§ Your task:
Below are some records; return all of them exactly as they are.

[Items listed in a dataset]

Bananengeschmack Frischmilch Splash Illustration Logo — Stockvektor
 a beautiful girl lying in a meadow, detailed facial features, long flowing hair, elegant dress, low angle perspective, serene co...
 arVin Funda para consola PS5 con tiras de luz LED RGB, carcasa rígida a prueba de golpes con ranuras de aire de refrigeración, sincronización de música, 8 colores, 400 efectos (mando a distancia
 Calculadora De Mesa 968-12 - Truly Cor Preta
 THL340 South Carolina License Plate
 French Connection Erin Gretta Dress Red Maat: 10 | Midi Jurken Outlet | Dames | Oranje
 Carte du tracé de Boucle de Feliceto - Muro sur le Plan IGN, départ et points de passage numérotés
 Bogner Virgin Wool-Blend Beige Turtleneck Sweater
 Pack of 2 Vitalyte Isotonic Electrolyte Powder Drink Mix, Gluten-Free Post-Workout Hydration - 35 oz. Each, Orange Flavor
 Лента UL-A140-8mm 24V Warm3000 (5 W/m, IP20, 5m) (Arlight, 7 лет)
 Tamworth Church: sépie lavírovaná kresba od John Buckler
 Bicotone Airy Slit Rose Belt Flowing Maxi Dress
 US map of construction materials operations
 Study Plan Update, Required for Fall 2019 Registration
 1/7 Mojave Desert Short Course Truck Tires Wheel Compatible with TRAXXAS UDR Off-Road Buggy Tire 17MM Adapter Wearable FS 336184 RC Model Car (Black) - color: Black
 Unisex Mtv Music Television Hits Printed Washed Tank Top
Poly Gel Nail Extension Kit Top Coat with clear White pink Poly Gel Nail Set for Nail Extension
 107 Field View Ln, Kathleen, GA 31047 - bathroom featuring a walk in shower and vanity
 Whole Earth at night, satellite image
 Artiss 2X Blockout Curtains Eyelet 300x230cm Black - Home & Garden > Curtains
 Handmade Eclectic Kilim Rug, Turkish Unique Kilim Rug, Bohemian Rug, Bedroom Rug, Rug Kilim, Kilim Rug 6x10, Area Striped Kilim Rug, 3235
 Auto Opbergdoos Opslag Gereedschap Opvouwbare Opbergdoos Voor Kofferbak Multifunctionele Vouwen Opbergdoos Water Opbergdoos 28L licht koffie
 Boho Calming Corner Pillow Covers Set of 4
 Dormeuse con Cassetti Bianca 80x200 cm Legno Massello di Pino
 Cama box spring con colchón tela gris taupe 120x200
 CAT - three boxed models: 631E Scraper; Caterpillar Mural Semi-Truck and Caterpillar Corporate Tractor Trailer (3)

§ Output for this task:
Bananengeschmack Frischmilch Splash Illustration Logo — Stockvektor
 a beautiful girl lying in a meadow, detailed facial features, long flowing hair, elegant dress, low angle perspective, serene co...
 arVin Funda para consola PS5 con tiras de luz LED RGB, carcasa rígida a prueba de golpes con ranuras de aire de refrigeración, sincronización de música, 8 colores, 400 efectos (mando a distancia
 Calculadora De Mesa 968-12 - Truly Cor Preta
 THL340 South Carolina License Plate
 French Connection Erin Gretta Dress Red Maat: 10 | Midi Jurken Outlet | Dames | Oranje
 Carte du tracé de Boucle de Feliceto - Muro sur le Plan IGN, départ et points de passage numérotés
 Bogner Virgin Wool-Blend Beige Turtleneck Sweater
 Pack of 2 Vitalyte Isotonic Electrolyte Powder Drink Mix, Gluten-Free Post-Workout Hydration - 35 oz. Each, Orange Flavor
 Лента UL-A140-8mm 24V Warm3000 (5 W/m, IP20, 5m) (Arlight, 7 лет)
 Tamworth Church: sépie lavírovaná kresba od John Buckler
 Bicotone Airy Slit Rose Belt Flowing Maxi Dress
 US map of construction materials operations
 Study Plan Update, Required for Fall 2019 Registration
 1/7 Mojave Desert Short Course Truck Tires Wheel Compatible with TRAXXAS UDR Off-Road Buggy Tire 17MM Adapter Wearable FS 336184 RC Model Car (Black) - color: Black
 Unisex Mtv Music Television Hits Printed Washed Tank Top
Poly Gel Nail Extension Kit Top Coat with clear White pink Poly Gel Nail Set for Nail Extension
 107 Field View Ln, Kathleen, GA 31047 - bathroom featuring a walk in shower and vanity
 Whole Earth at night, satellite image
 Artiss 2X Blockout Curtains Eyelet 300x230cm Black - Home & Garden > Curtains
 Handmade Eclectic Kilim Rug, Turkish Unique Kilim Rug, Bohemian Rug, Bedroom Rug, Rug Kilim, Kilim Rug 6x10, Area Striped Kilim Rug, 3235
 Auto Opbergdoos Opslag Gereedschap Opvouwbare Opbergdoos Voor Kofferbak Multifunctionele Vouwen Opbergdoos Water Opbergdoos 28L licht koffie
 Boho Calming Corner Pillow Covers Set of 4
 Dormeuse con Cassetti Bianca 80x200 cm Legno Massello di Pino
 Cama box spring con colchón tela gris taupe 120x200
 CAT - three boxed models: 631E Scraper; Caterpillar Mural Semi-Truck and Caterpillar Corporate Tractor Trailer (3)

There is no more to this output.